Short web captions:
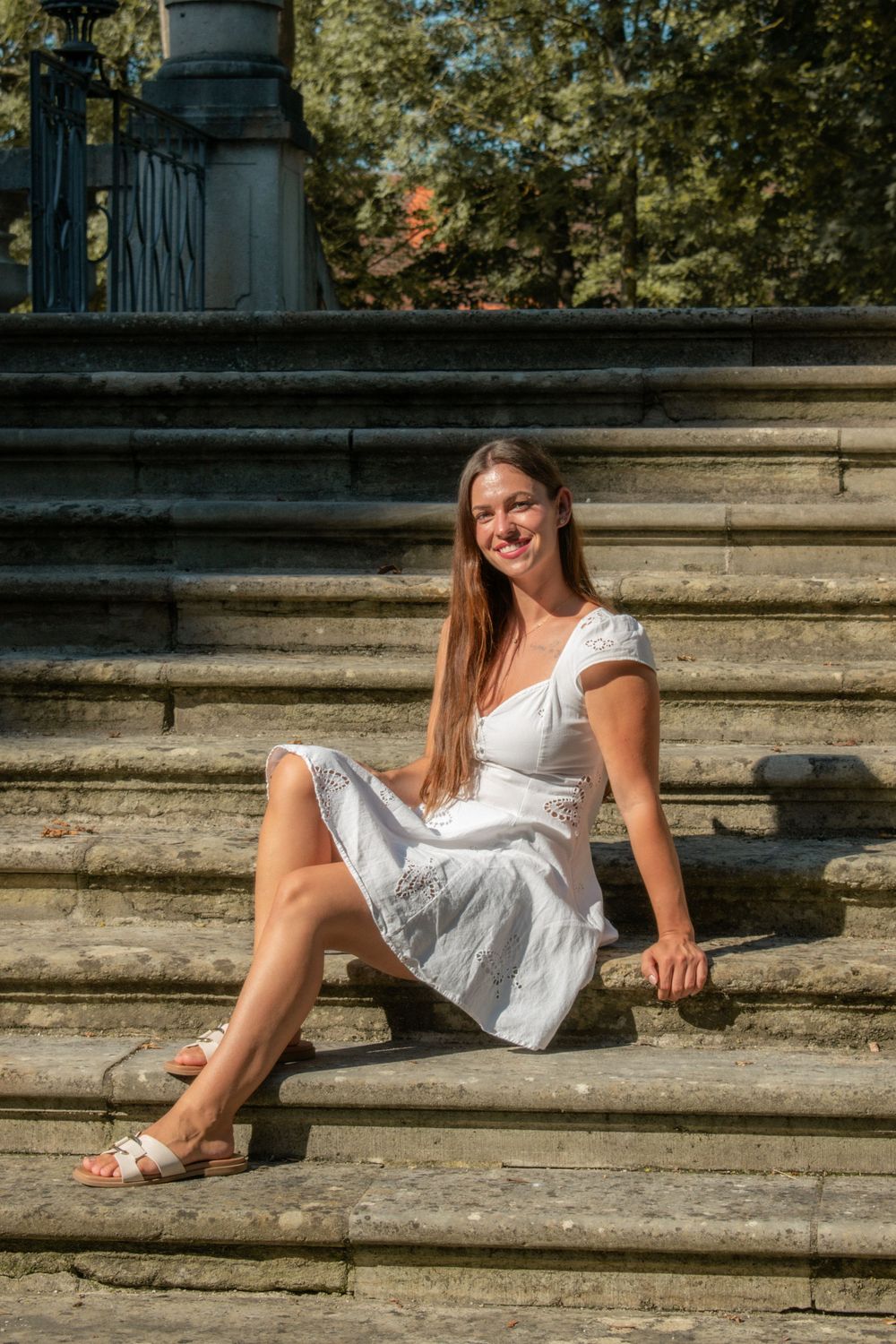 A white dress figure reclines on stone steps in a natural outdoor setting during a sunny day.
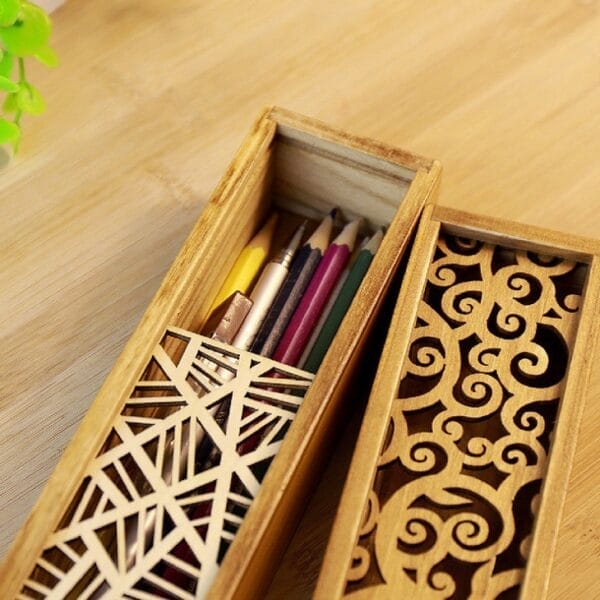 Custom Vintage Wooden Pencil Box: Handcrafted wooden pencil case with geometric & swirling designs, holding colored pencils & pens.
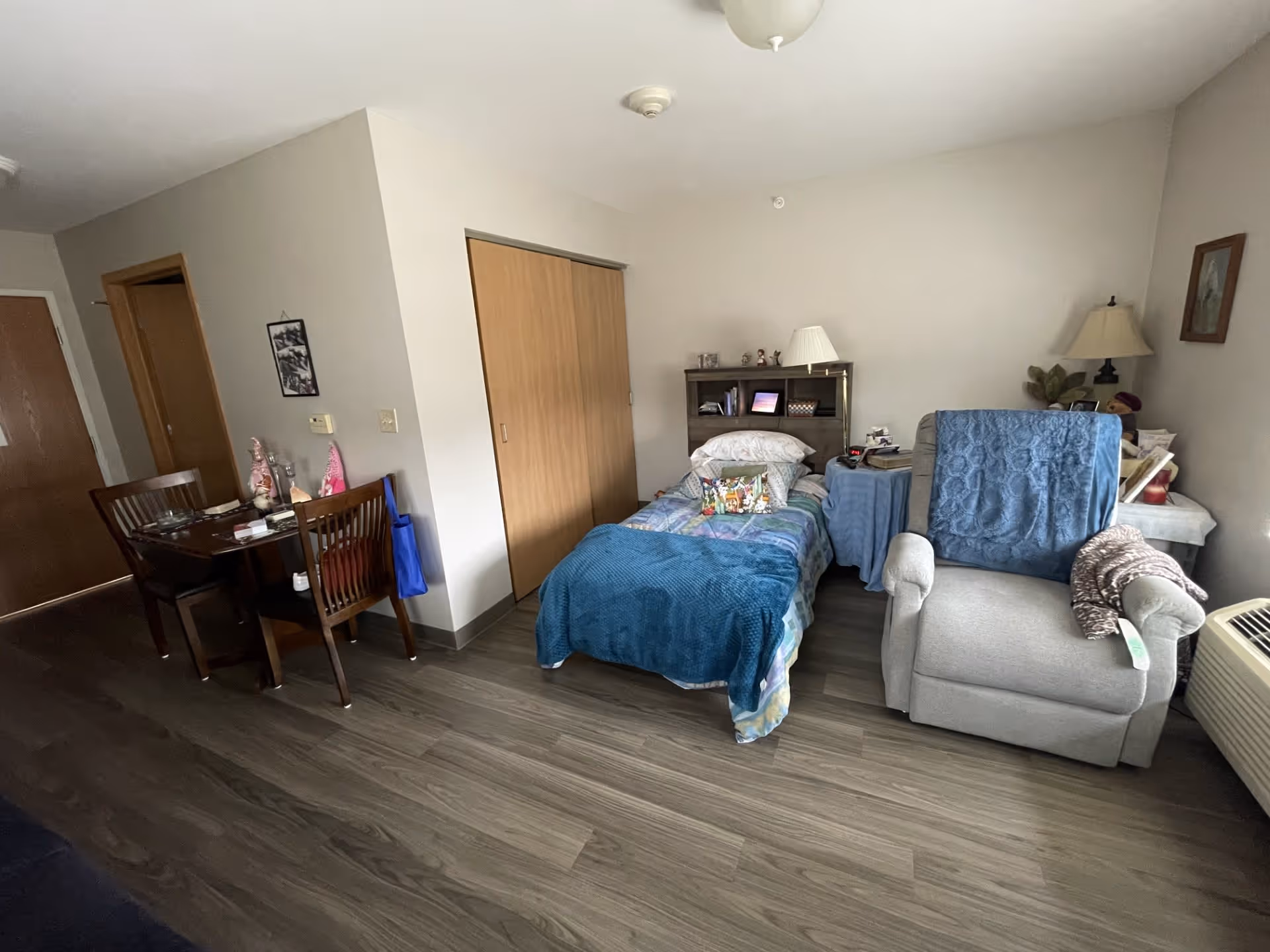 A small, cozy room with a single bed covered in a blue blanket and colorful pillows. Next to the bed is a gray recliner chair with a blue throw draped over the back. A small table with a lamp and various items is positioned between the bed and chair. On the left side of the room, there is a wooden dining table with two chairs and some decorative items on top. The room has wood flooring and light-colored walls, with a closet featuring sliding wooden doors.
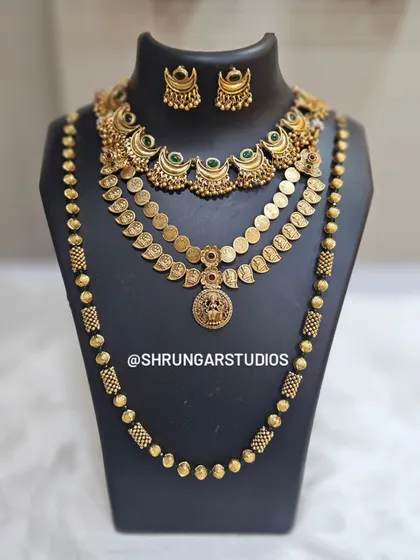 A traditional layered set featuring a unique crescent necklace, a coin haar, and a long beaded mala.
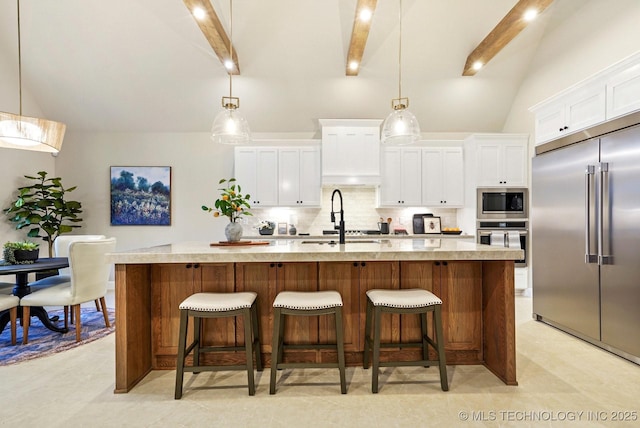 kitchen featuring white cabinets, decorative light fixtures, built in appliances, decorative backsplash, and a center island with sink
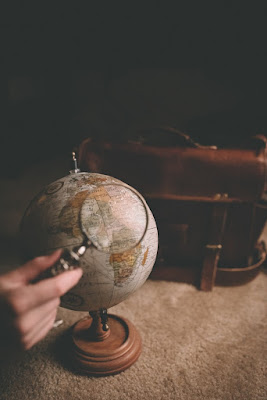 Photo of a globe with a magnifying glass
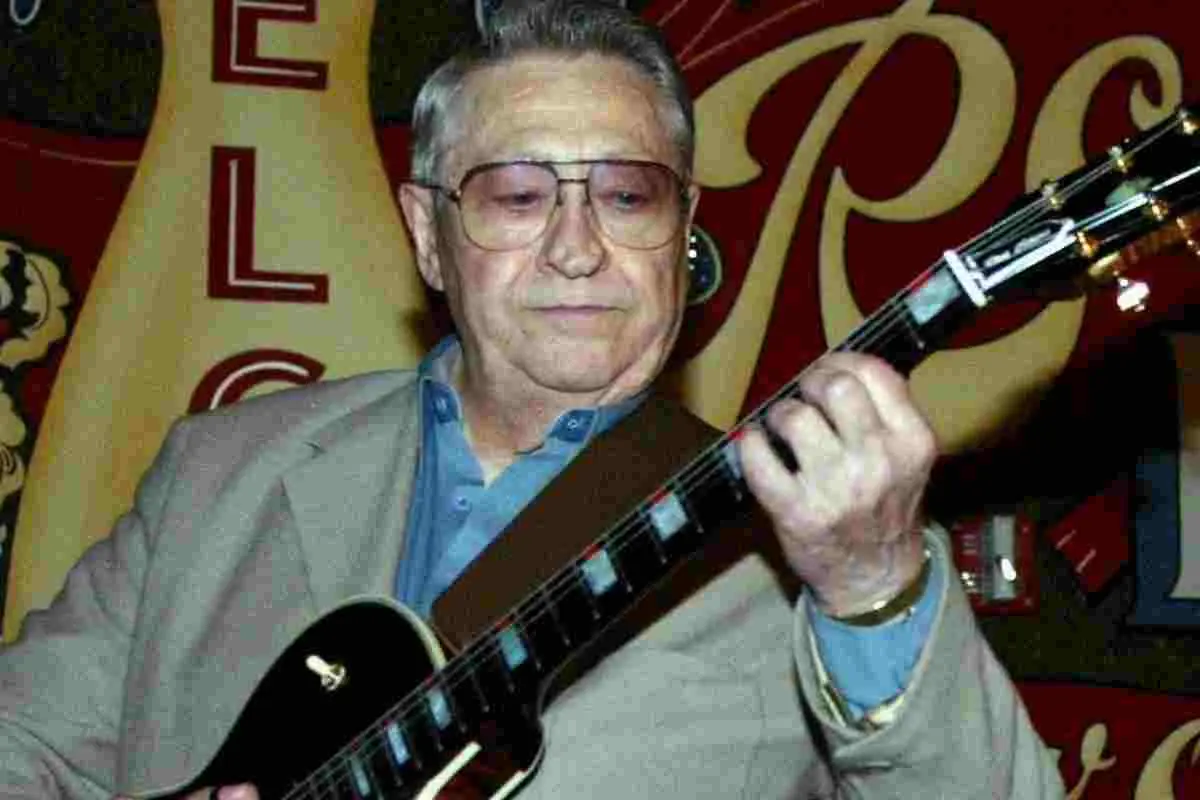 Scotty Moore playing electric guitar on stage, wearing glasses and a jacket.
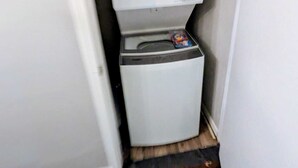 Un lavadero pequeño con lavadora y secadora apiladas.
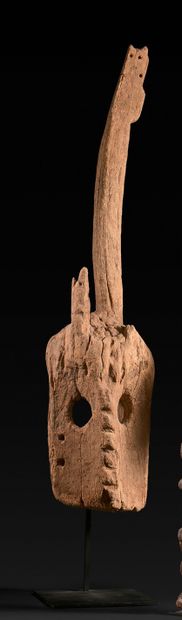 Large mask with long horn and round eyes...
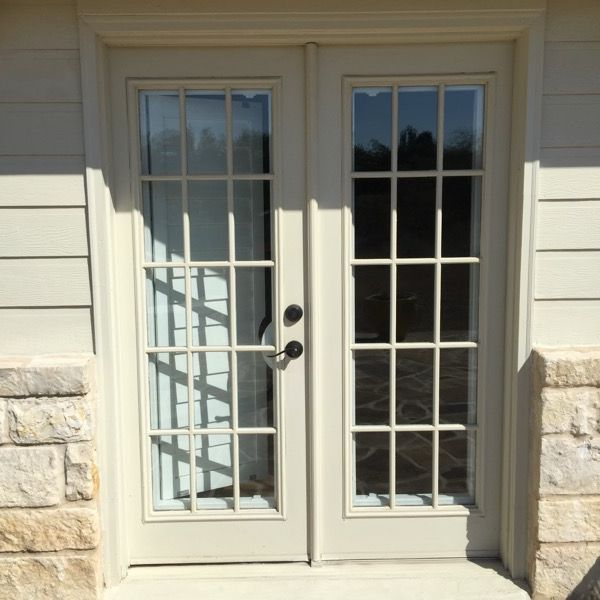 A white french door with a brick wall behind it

THE PROBLEM: The answer must be the lines of the entries above, written out exactly from the first through the one with "Custom Vintage Wooden", and no pictures.

TASK ANSWER:
 A white dress figure reclines on stone steps in a natural outdoor setting during a sunny day.
 Custom Vintage Wooden Pencil Box: Handcrafted wooden pencil case with geometric & swirling designs, holding colored pencils & pens.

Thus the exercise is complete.